(WHAT TO WORK ON):
Return the lines of the material below exactly, beginning with the line that has "VOLVO XC40 2.0" in it and finishing with the line that has "с фото Салат" in it. Leave all pictures aside.

(RECORDS TO PROCESS):
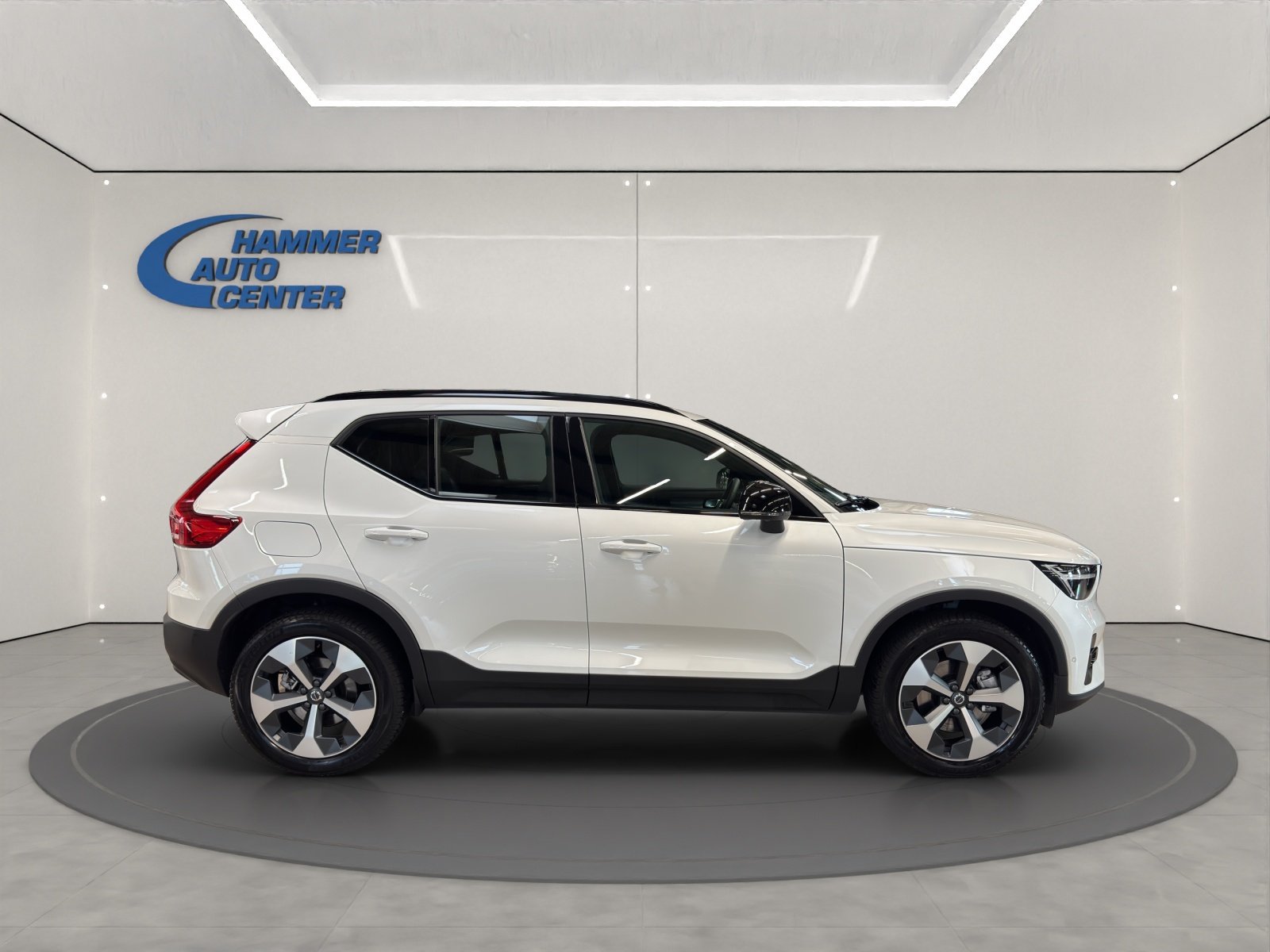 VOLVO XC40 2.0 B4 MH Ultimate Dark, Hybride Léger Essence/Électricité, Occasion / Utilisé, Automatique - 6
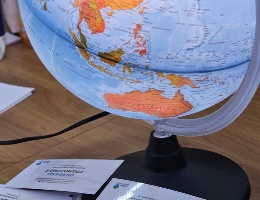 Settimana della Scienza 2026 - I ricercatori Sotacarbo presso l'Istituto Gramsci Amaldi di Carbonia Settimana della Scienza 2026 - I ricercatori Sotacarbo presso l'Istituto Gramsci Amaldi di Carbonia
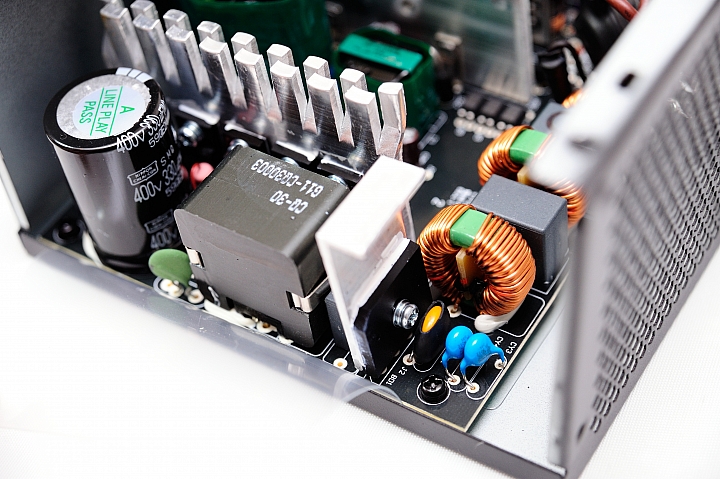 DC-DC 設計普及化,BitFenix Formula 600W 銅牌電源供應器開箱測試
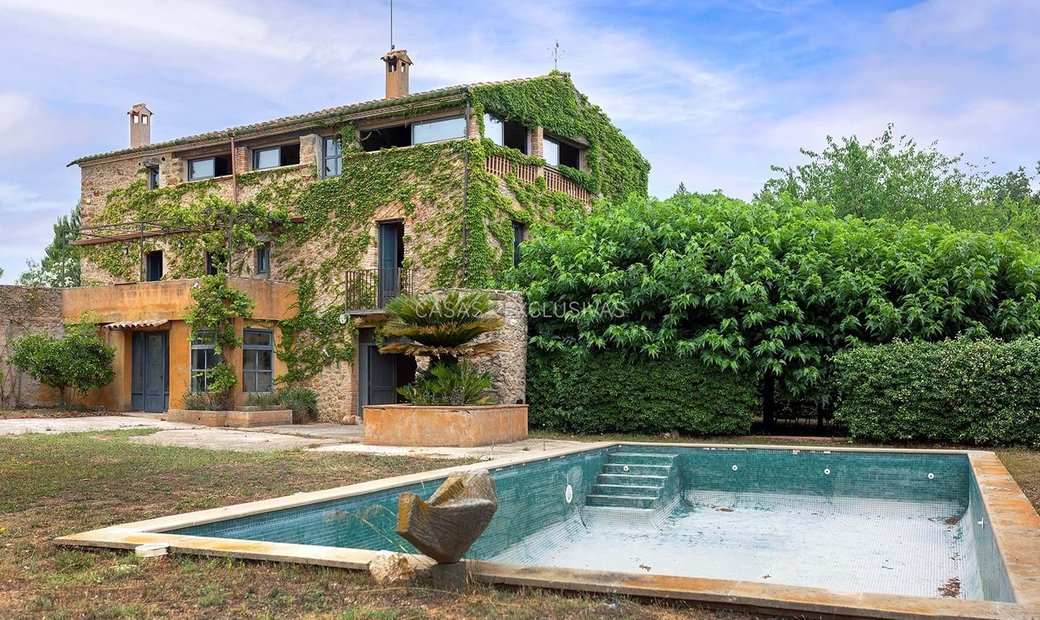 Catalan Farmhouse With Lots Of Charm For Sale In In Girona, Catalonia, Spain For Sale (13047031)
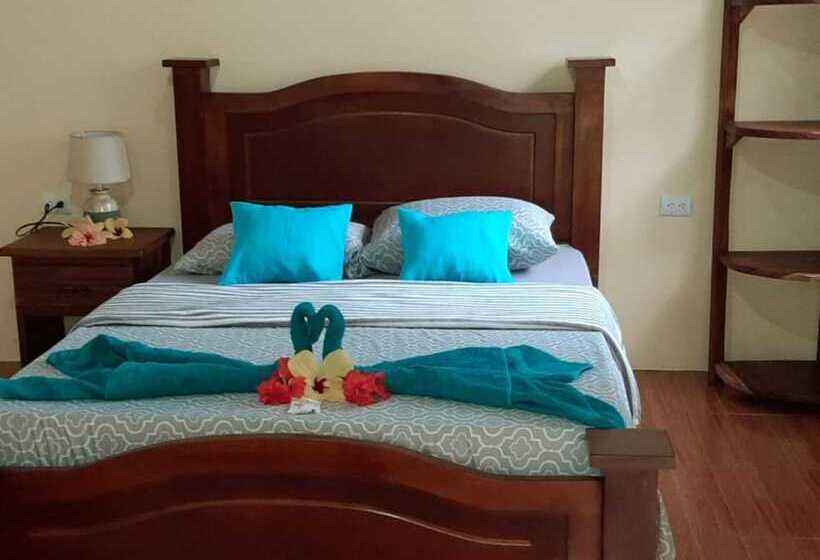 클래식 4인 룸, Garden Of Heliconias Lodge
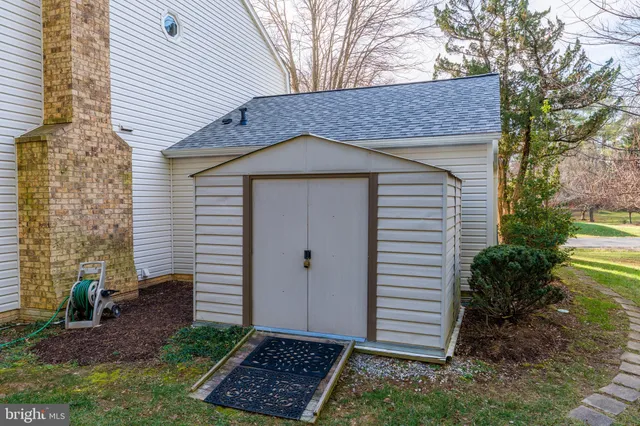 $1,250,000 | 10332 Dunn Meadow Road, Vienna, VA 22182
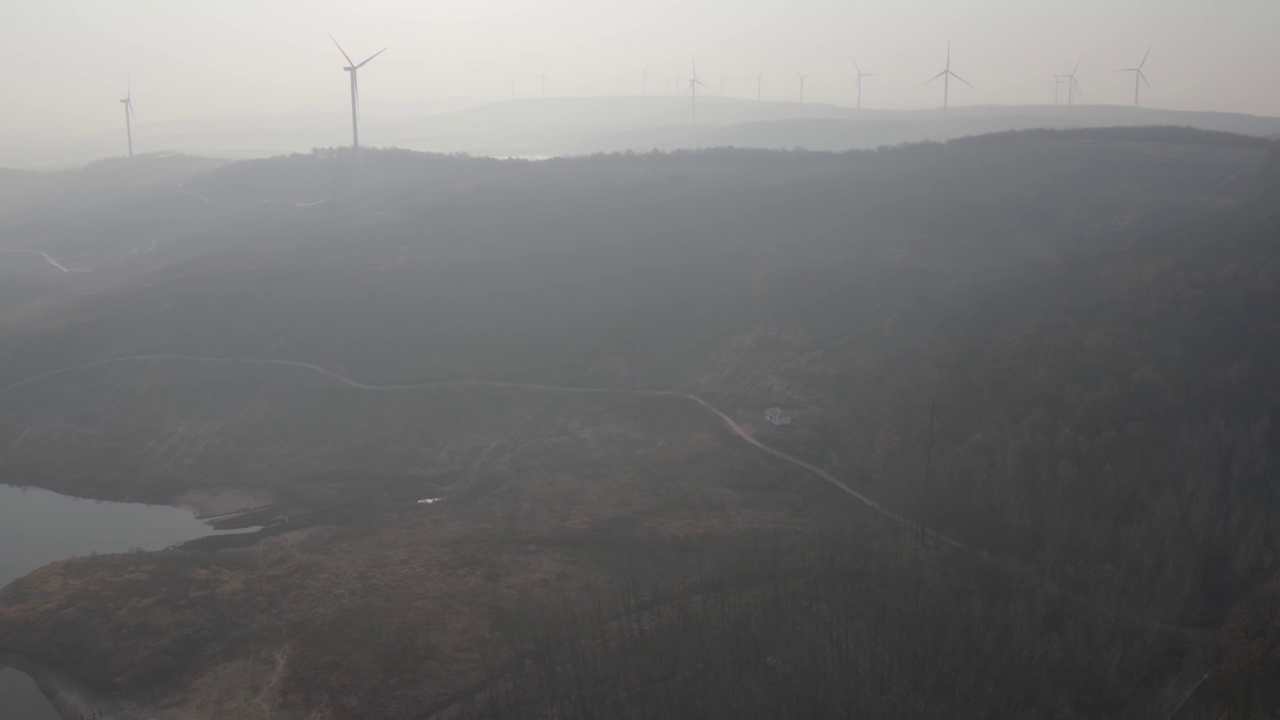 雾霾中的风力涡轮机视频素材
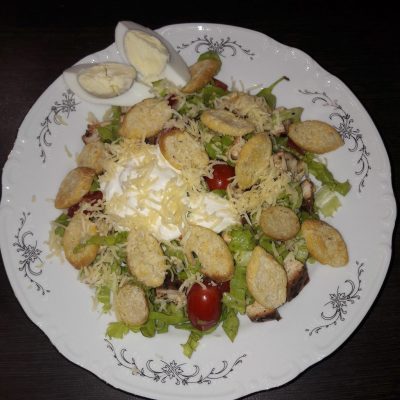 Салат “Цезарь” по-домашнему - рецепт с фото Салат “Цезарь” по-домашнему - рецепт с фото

---

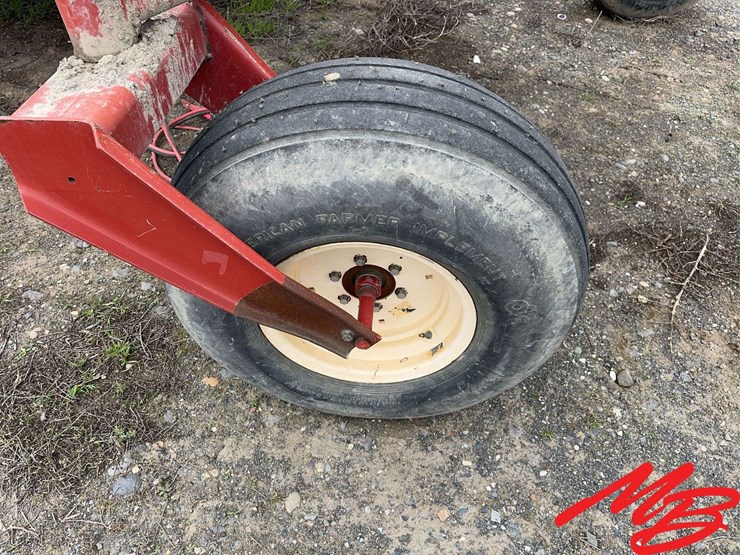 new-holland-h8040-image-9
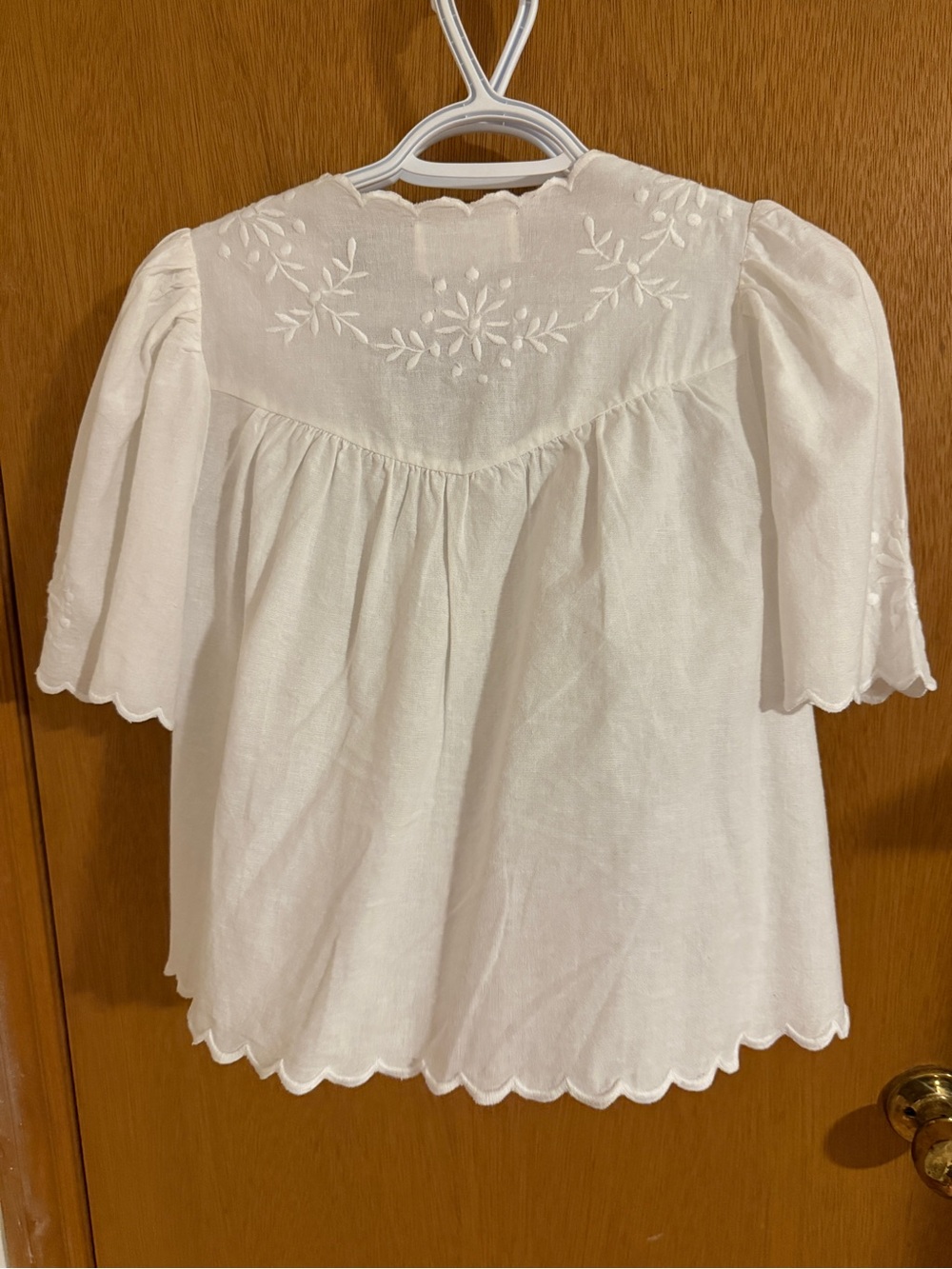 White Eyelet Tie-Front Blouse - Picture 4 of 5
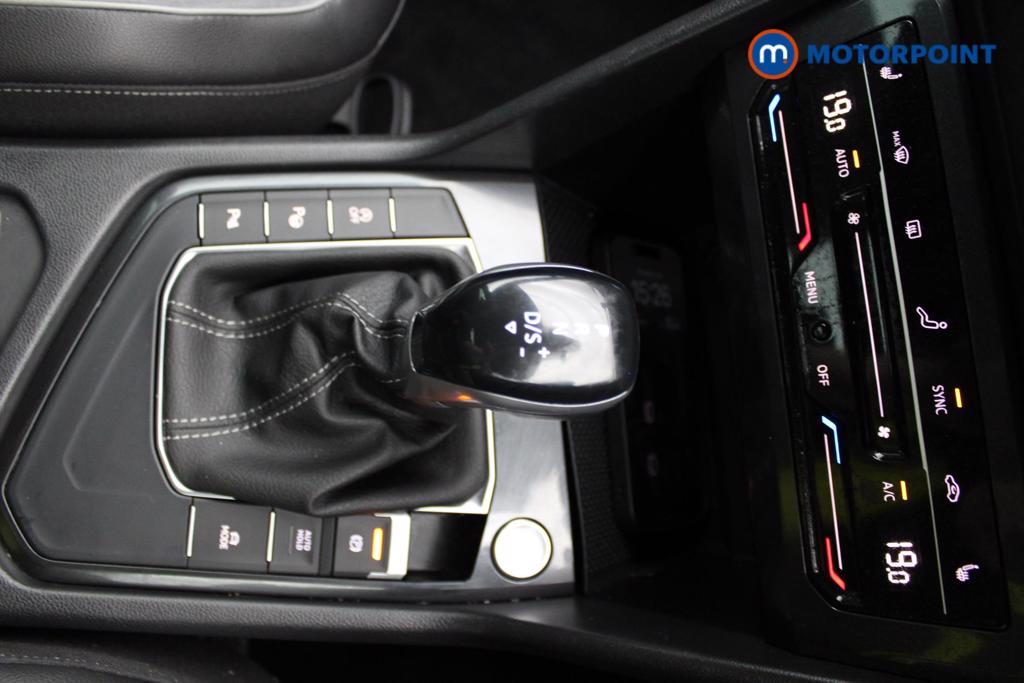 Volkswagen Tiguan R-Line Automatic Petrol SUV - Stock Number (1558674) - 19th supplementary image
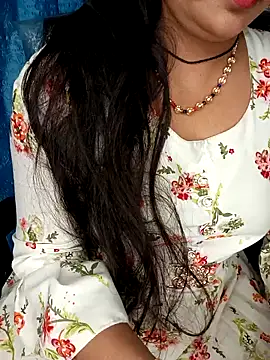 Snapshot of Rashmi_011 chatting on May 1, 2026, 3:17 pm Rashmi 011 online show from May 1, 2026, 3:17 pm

...

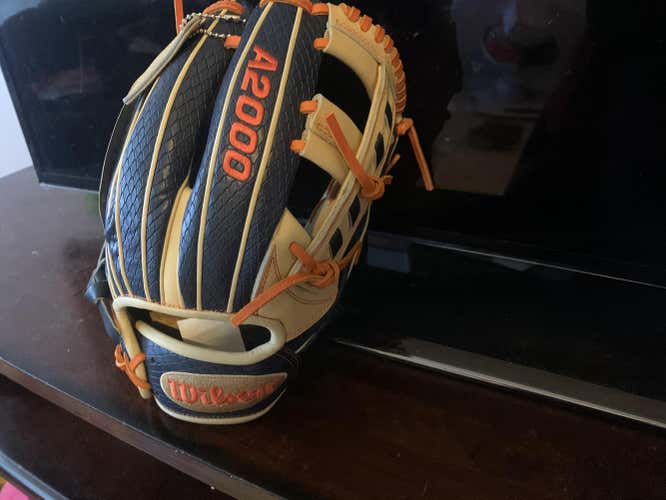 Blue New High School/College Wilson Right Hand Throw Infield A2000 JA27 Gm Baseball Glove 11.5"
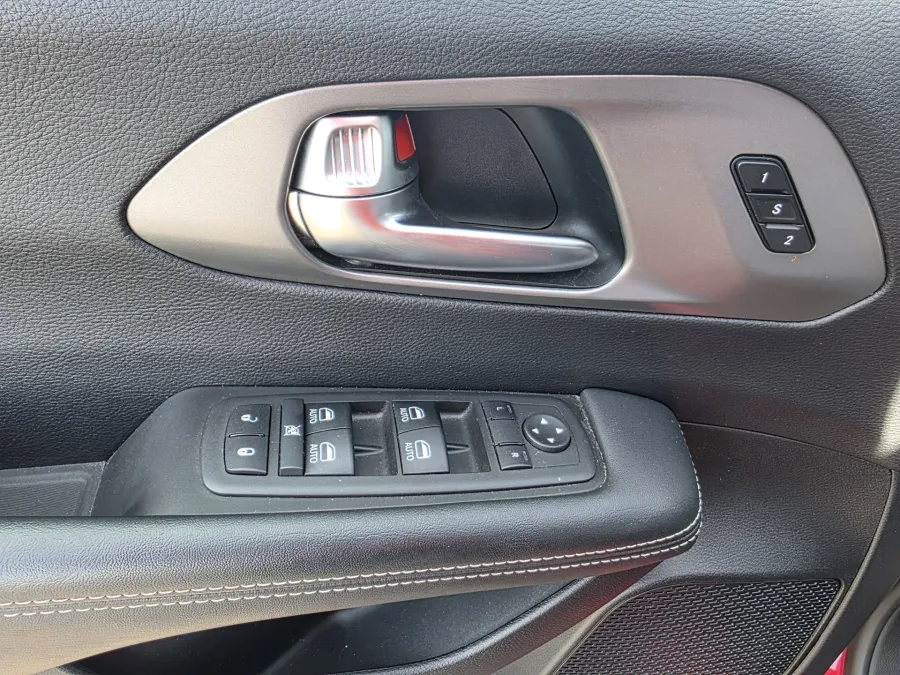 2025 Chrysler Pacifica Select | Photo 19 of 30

(ANSWER TO THE PROBLEM):
 VOLVO XC40 2.0 B4 MH Ultimate Dark, Hybride Léger Essence/Électricité, Occasion / Utilisé, Automatique - 6
 Settimana della Scienza 2026 - I ricercatori Sotacarbo presso l'Istituto Gramsci Amaldi di Carbonia Settimana della Scienza 2026 - I ricercatori Sotacarbo presso l'Istituto Gramsci Amaldi di Carbonia
 DC-DC 設計普及化,BitFenix Formula 600W 銅牌電源供應器開箱測試
 Catalan Farmhouse With Lots Of Charm For Sale In In Girona, Catalonia, Spain For Sale (13047031)
 클래식 4인 룸, Garden Of Heliconias Lodge
 $1,250,000 | 10332 Dunn Meadow Road, Vienna, VA 22182
 雾霾中的风力涡轮机视频素材
 Салат “Цезарь” по-домашнему - рецепт с фото Салат “Цезарь” по-домашнему - рецепт с фото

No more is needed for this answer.